→ **Exercise**: Could you find every line in the entries below that holds the word "skin" and copy it?
━━━━━ Provided data ━━━━━
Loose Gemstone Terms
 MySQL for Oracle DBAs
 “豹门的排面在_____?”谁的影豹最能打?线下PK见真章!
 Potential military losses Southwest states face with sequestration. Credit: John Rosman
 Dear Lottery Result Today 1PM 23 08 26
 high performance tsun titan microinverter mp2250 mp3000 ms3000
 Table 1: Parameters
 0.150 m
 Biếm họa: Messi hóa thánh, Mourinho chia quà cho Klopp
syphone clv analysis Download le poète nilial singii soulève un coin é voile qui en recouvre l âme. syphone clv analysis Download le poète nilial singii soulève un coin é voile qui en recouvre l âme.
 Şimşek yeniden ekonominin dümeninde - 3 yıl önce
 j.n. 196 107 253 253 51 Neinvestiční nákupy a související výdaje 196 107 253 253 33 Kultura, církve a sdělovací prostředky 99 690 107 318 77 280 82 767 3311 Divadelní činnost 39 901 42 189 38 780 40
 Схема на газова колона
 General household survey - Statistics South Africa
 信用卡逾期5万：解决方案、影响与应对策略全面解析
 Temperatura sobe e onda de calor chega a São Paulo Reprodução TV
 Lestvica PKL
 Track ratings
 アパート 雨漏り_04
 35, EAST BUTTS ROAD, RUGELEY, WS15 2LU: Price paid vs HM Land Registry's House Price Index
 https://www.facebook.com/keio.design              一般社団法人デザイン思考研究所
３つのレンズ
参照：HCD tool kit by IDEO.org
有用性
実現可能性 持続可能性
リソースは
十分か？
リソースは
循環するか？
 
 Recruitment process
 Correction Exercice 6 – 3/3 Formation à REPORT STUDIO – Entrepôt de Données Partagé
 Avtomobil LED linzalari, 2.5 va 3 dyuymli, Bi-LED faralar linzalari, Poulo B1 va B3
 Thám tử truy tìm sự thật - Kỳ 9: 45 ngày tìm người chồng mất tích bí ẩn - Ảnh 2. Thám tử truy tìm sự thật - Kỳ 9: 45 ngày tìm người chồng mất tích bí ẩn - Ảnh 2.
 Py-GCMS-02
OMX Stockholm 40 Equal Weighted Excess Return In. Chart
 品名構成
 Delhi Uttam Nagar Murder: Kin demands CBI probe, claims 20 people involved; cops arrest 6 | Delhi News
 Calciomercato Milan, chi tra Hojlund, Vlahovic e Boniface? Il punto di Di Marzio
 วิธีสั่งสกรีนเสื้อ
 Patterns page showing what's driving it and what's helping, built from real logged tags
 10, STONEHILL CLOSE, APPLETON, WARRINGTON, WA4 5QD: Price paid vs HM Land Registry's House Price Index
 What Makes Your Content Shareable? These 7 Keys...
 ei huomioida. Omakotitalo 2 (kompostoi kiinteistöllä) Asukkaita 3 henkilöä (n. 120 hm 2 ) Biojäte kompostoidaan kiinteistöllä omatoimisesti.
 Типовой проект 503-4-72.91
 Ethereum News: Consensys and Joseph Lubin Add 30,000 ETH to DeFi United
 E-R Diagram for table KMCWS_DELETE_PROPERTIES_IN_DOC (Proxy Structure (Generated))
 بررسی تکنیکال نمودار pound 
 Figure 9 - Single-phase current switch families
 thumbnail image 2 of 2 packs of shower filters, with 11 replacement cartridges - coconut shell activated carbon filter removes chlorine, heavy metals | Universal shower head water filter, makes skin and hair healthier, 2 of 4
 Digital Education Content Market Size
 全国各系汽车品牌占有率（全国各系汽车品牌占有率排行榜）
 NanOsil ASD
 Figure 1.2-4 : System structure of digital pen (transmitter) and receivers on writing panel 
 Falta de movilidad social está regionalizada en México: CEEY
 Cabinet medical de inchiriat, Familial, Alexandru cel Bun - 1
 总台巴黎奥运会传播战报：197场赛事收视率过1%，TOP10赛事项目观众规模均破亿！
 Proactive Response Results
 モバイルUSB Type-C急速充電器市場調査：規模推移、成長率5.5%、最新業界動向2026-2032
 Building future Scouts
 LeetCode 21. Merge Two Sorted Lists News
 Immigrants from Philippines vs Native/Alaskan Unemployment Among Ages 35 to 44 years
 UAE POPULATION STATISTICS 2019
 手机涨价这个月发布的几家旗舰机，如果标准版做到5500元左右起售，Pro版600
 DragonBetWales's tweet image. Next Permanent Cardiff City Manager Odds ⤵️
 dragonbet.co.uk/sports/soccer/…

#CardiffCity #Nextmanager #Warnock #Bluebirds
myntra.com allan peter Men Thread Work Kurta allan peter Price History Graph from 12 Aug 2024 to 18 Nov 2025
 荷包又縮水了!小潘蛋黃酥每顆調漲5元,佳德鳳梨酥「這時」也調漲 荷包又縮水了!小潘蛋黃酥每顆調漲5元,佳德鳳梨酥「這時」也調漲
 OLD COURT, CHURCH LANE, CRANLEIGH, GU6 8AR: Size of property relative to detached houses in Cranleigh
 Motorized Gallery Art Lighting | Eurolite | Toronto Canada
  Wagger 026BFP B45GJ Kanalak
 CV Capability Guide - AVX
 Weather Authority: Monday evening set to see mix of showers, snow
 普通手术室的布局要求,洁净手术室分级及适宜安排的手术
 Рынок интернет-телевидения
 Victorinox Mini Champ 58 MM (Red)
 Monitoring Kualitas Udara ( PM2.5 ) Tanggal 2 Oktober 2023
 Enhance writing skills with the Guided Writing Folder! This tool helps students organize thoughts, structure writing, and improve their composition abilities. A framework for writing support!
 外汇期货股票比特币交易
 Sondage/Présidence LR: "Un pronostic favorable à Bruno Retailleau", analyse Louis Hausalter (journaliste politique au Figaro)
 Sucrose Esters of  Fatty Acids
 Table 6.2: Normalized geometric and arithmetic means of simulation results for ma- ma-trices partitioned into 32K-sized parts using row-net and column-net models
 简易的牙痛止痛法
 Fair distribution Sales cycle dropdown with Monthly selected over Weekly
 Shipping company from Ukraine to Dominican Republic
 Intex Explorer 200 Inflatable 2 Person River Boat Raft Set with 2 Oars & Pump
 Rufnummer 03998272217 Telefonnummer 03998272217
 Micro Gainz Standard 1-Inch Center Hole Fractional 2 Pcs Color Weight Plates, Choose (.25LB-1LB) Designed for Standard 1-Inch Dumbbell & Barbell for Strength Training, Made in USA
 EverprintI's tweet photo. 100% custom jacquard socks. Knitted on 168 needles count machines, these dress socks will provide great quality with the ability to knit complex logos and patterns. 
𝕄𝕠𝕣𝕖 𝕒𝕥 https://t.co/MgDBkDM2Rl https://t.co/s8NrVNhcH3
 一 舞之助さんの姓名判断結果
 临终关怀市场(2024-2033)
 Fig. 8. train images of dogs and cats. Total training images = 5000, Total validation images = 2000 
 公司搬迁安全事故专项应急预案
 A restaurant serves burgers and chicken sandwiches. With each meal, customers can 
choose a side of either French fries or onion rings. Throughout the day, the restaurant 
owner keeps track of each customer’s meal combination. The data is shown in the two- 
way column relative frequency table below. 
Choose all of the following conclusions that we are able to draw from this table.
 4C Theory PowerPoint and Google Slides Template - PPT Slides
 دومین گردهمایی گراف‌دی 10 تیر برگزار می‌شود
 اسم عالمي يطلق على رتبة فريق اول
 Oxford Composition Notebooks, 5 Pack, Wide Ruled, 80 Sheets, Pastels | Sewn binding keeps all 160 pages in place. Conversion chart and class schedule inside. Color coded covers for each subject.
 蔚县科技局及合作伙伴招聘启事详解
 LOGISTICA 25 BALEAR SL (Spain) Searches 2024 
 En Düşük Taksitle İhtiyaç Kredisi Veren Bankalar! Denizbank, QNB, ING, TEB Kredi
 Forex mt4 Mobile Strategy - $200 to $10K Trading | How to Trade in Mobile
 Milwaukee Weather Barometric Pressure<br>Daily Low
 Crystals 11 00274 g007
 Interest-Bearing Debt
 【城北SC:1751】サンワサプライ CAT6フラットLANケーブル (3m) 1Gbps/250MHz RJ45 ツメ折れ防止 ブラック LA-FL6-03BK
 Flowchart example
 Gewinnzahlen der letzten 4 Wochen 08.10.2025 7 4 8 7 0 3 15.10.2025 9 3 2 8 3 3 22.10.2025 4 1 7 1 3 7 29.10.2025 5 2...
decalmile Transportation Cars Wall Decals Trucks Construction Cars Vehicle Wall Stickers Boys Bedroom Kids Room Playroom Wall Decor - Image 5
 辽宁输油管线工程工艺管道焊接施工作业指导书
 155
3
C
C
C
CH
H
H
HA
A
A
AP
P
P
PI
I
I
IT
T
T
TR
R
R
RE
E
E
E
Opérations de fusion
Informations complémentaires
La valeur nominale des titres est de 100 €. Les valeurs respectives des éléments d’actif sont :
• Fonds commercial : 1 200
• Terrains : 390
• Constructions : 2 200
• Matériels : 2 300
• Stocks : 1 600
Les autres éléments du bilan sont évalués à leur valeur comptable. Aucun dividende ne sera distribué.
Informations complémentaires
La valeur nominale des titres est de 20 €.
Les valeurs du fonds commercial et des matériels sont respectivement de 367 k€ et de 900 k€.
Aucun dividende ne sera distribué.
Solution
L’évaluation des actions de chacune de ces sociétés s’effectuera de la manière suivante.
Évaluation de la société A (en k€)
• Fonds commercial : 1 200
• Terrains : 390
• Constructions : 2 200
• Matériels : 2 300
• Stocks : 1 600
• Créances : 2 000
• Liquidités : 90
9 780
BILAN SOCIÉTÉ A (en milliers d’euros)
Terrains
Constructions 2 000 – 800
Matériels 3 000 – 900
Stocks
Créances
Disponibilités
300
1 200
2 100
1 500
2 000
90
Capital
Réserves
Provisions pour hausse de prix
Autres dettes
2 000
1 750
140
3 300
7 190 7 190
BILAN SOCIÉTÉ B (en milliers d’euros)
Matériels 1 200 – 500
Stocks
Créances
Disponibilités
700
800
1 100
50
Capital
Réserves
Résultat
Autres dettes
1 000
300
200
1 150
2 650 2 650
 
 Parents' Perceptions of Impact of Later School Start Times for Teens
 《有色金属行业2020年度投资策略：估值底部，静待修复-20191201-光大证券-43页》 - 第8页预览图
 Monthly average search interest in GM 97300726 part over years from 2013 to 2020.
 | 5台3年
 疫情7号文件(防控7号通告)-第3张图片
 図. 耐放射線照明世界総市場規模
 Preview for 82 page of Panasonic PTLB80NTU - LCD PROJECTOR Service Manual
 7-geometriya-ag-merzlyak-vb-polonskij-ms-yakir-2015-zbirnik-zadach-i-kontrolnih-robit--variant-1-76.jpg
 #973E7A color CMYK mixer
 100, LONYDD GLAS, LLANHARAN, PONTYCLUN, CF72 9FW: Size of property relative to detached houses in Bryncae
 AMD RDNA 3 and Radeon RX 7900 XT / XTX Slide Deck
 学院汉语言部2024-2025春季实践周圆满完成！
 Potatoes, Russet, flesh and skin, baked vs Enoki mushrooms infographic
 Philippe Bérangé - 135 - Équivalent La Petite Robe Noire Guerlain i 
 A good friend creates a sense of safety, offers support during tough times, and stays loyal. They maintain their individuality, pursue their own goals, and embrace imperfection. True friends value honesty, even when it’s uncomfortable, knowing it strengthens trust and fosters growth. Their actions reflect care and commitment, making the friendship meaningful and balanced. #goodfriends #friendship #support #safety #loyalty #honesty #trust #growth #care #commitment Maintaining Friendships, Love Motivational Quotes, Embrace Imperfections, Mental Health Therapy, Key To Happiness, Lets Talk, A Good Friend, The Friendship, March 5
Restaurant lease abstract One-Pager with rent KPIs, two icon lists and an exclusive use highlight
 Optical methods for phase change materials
━━━━━
→ **Response for this exercise**:
 thumbnail image 2 of 2 packs of shower filters, with 11 replacement cartridges - coconut shell activated carbon filter removes chlorine, heavy metals | Universal shower head water filter, makes skin and hair healthier, 2 of 4
 Potatoes, Russet, flesh and skin, baked vs Enoki mushrooms infographic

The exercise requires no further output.